Goal of the exercise —
Your reply must contain the full listing below, reproduced exactly, but no pictures.

Data provided —
╭──

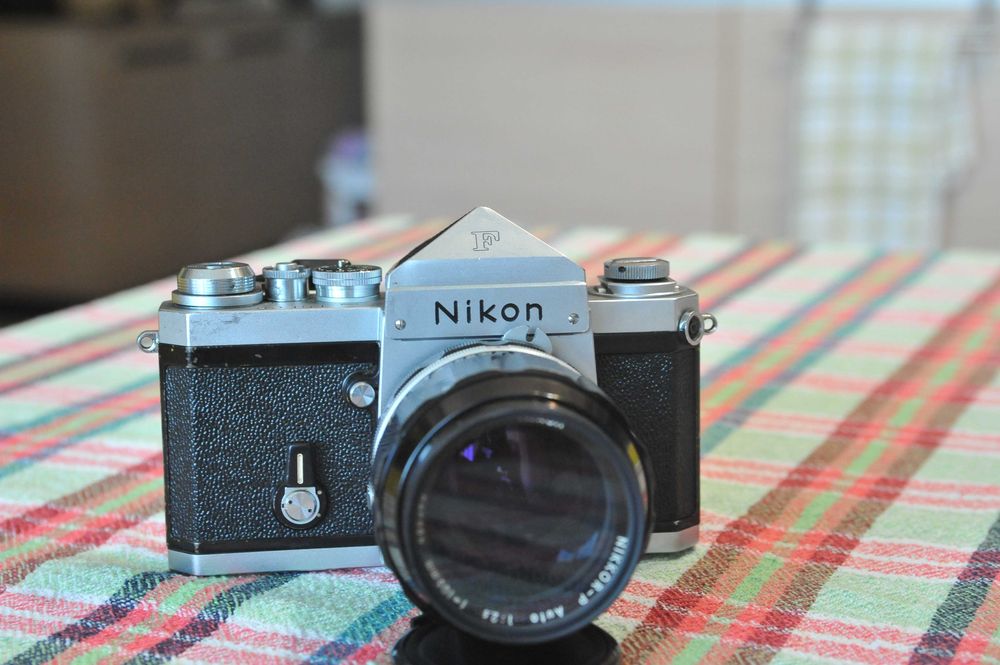 Nikon F + Nikkor P- auto 105/2.5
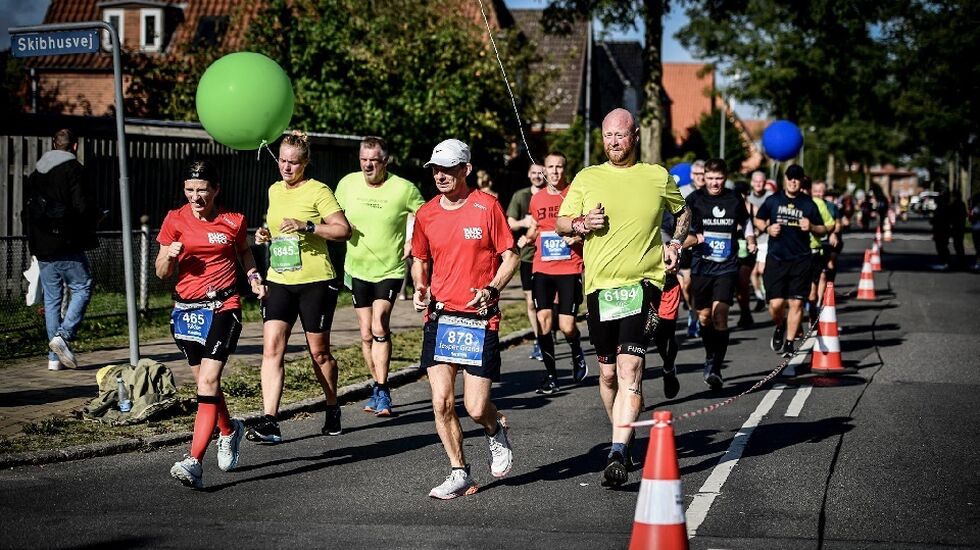 Fra en tidligere utgave av HCA Marathon som for en større del går på brede gater gjennom sentrale deler av Odense by (Foto: HCA Marathon/Lise Myltoft).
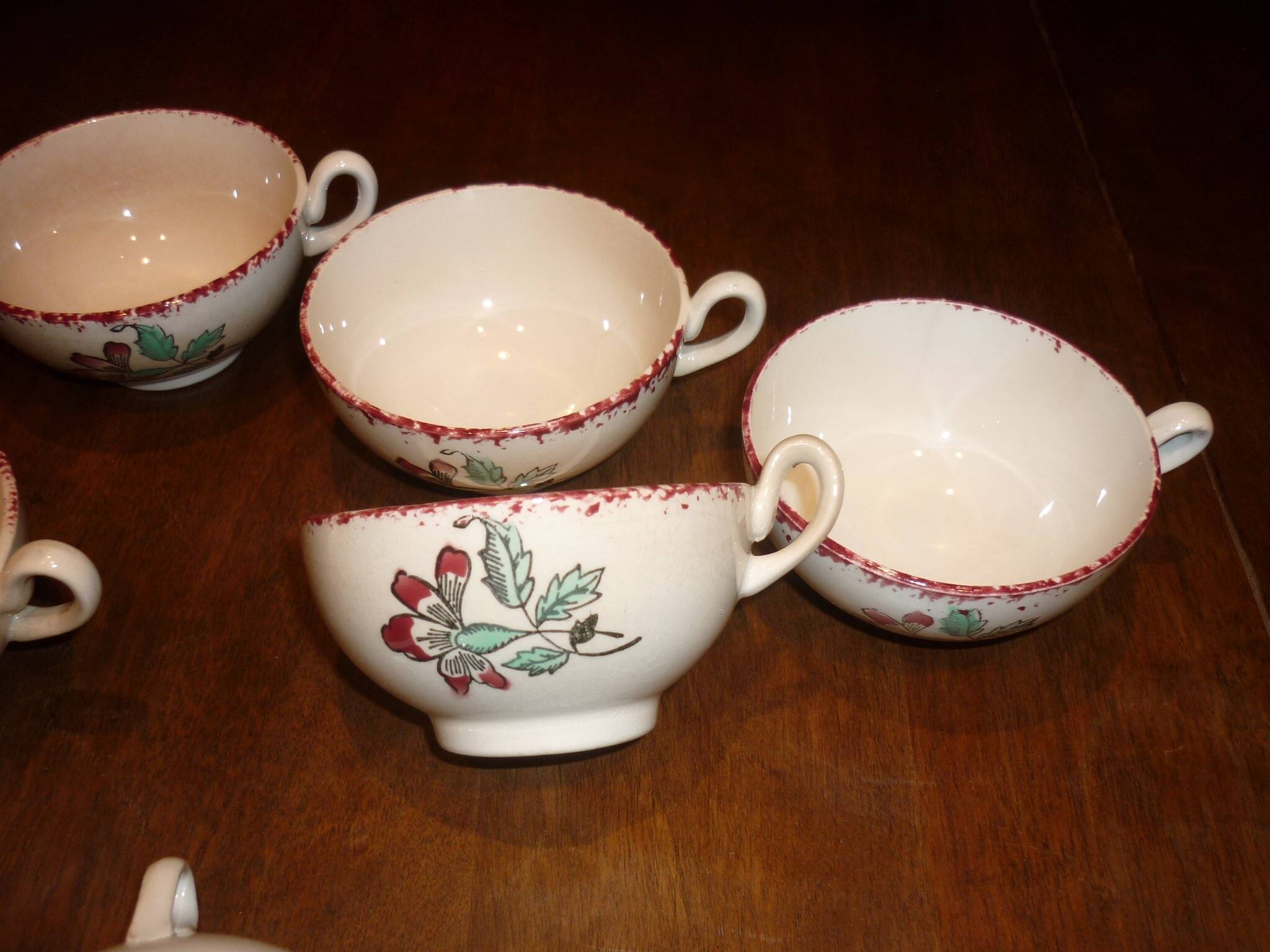 6 beige and red St Amand coffee cups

╰──

Output of the task —
 Nikon F + Nikkor P- auto 105/2.5
 Fra en tidligere utgave av HCA Marathon som for en større del går på brede gater gjennom sentrale deler av Odense by (Foto: HCA Marathon/Lise Myltoft).
 6 beige and red St Amand coffee cups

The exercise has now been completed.